In diverse situazioni, al di là di gesti iconici e simbolici, la diplomazia dello sport è arrivata talvolta là dove la politica si era fermata. E nel convegno si è anche cercato di capire come far emergere i valori dello sport non solo nelle competizioni internazionali, ma anche nella quotidianità, nei quartieri, delle società sportive. «Lo abbiamo fatto — aggiunge Tommasi — per sottolineare quanto sia importante lo sport nel quotidiano come strumento di interazione, di inclusione; un modo per far sentire davvero tutti sullo stesso piano mantenendo allo stesso tempo le proprie individualità. In questo senso sappiamo come lo sport costituisca, nella nostra città come in altre, una delle tante soluzioni da proporre in quartieri difficili o in realtà complicate».

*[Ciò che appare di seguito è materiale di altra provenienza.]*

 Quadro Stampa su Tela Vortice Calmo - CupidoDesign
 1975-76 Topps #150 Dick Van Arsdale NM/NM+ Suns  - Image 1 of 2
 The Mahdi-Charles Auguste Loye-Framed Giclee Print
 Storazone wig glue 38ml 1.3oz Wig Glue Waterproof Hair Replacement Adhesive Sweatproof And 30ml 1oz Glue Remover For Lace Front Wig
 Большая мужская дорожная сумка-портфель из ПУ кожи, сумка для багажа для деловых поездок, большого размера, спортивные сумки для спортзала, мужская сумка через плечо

A proposito di sport e pace, nel 1994 Tommasi — che proprio oggi, 17 maggio, compie 50 anni — da obiettore di coscienza opta per il servizio civile invece del classico anno nella “Compagnia atleti” con la possibilità di continuare l’attività agonistica, primo calciatore professionista a compiere questa scelta. Una volta a Roma, per i tifosi giallorossi diventa l’“anima candida”. «Una scelta — dice — che ho sempre visto come nulla di straordinario, in linea con quelli che sono i miei valori, come la possibilità, in tempi di pace, di costruire la pace».

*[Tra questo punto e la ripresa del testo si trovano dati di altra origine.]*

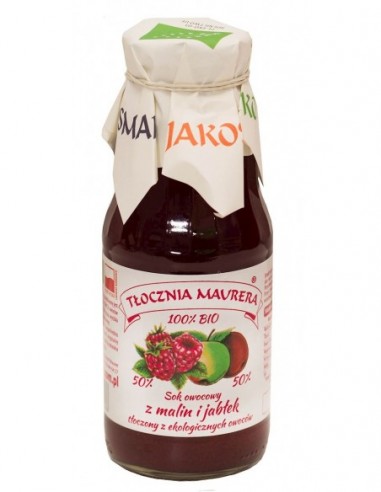 SOK MALINOWO - JABŁKOWY NFC BIO 300...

Una scelta che veniva anche da un’esperienza di fede e dall’ammirazione verso un personaggio che ancora oggi, da sindaco, ama spesso citare: don Lorenzo Milani. E se gli si chiede se c’è un insegnamento, una parola in particolare che lo ispira più di altre, la riposta è: «Probabilmente consapevolezza. Che vuol dire — spiega — rendersi concretamente parte della propria realtà familiare e sociale coscienti di ciò che ci portiamo dietro attraverso la formazione che abbiamo avuto, gli studi che abbiamo fatto, i valori che ci hanno ispirato. Avere questa consapevolezza ti fa fare le cose in maniera più profonda, soprattutto con responsabilità, che tu sia studente, sportivo, genitore, amministratore. Sì, questa parola è molto presente nella mia vita».

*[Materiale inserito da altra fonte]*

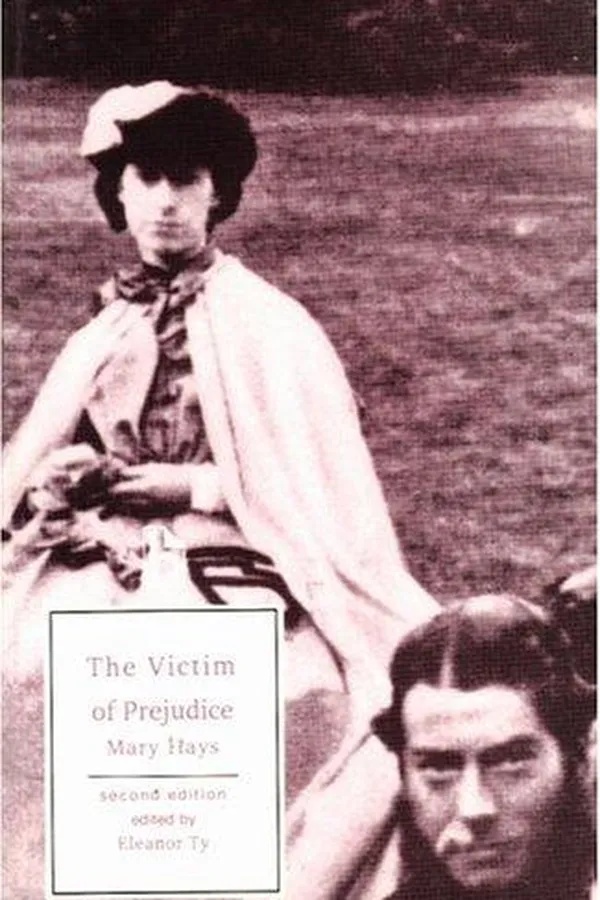 Capa de The victim of prejudice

L’ultima riflessione della conversazione è sulla città e parte da una provocazione: nonostante la sua vocazione all’incontro, cui si unisce una grande tradizione culturale, non soltanto musicale, il recente passato di Verona non ha brillato quanto ad accoglienza e ad apertura. Alcuni episodi di intolleranza e di razzismo hanno infatti gettato un’ombra sulla città. E su questo il sindaco ha un’opinione precisa: «Verona tendenzialmente si è fatta raccontare male — spiega il primo cittadino —, si è lasciata raccontare da episodi negativi più di quanto fosse corretto e corrispondente alla realtà. Una realtà ricca, che ospita da tempo un evento importante che è quello delle Arene, che vede una forte presenza di movimenti missionari. Abbiamo sul nostro territorio davvero un terzo settore e un volontariato che fanno invidia a tante altre realtà. Invece ci siamo fatti raccontare da altro. L’auspicio è — conclude Tommasi — che l’Arena di Pace ci dia anche questa responsabilità. Il Papa ha definito Verona un crocevia di popoli e di culture. Lo siamo sempre stati nella storia. E questo ci impone il ruolo di mediatori. Dobbiamo assumerci la responsabilità, la consapevolezza di esserlo, che non vuol dire cambiare pelle, ma cambiare il racconto della nostra città, che a sua volta porta a enfatizzare le cose positive».